This study addresses the well-known limitations of traditional maximum score estimation in binary choice models, which suffers from a convergence rate slower than √n and a nonstandard limiting distribution that impedes conventional statistical inference. The authors propose a novel estimator based on a strictly concave, smooth surrogate score function. Under newly established and verifiable primitive conditions, this approach achieves both √n-consistency and asymptotic normality. By integrating smoothing techniques, strict concavity optimization theory, and asymptotic analysis, the proposed estimator enables standard inferential procedures. Monte Carlo simulations confirm its √n convergence rate, asymptotic normality, and valid inference performance in finite samples.

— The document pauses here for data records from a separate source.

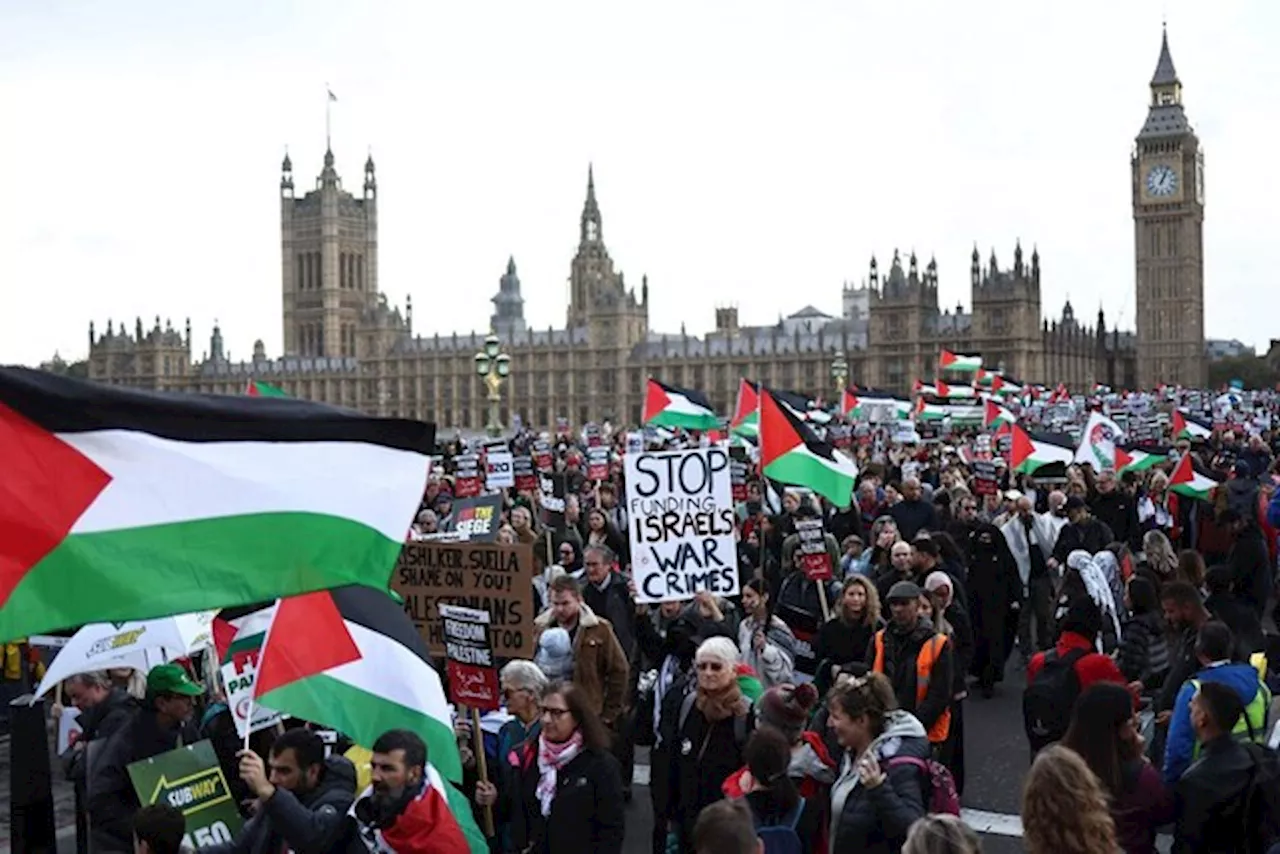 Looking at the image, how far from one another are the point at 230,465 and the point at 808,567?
501 cm

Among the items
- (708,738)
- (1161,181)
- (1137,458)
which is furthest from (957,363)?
(1161,181)

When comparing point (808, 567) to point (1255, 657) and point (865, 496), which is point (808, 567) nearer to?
point (1255, 657)

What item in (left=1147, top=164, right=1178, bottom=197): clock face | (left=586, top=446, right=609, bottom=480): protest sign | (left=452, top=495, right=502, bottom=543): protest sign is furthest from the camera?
(left=1147, top=164, right=1178, bottom=197): clock face

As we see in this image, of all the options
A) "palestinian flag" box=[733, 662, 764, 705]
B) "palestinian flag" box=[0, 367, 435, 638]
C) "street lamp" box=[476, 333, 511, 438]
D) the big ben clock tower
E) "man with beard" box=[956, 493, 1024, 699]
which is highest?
the big ben clock tower

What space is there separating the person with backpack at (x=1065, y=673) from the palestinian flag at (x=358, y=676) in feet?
8.13

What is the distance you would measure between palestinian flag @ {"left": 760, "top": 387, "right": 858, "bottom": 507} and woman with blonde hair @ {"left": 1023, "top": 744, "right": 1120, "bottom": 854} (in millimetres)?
6801

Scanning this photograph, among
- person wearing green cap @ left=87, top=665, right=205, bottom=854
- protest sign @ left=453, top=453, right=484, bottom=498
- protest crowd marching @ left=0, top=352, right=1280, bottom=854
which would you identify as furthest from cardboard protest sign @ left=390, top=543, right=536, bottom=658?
protest sign @ left=453, top=453, right=484, bottom=498

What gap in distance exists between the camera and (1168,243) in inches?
3649

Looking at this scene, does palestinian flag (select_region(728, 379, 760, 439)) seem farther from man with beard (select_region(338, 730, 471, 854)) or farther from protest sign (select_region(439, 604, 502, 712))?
man with beard (select_region(338, 730, 471, 854))

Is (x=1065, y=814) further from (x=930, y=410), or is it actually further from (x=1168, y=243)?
(x=1168, y=243)

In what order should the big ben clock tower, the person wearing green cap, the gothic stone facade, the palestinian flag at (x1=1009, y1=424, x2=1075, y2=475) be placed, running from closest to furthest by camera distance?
→ 1. the person wearing green cap
2. the palestinian flag at (x1=1009, y1=424, x2=1075, y2=475)
3. the gothic stone facade
4. the big ben clock tower

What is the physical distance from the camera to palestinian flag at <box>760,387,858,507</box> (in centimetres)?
1052

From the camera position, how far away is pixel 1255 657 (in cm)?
619

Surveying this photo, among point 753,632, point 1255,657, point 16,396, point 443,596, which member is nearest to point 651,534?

The maximum score method (Manski, 1975, 1985) is a powerful approach for binary choice models, yet it is known to face both practical and theoretical challenges. In particular, the estimator converges at a slower-than-root-$n$ rate to a nonstandard limiting distribution. We investigate conditions under which strictly concave surrogate score functions can be employed to achieve identification through a smooth criterion function. This criterion enables root-$n$ convergence to a normal limiting distribution. While the conditions to guarantee these desired properties are nontrivial, we characterize them in terms of primitive conditions. Extensive simulation studies support, the root-$n$ convergence rate, the asymptotic normality, and the validity of the standard inference methods.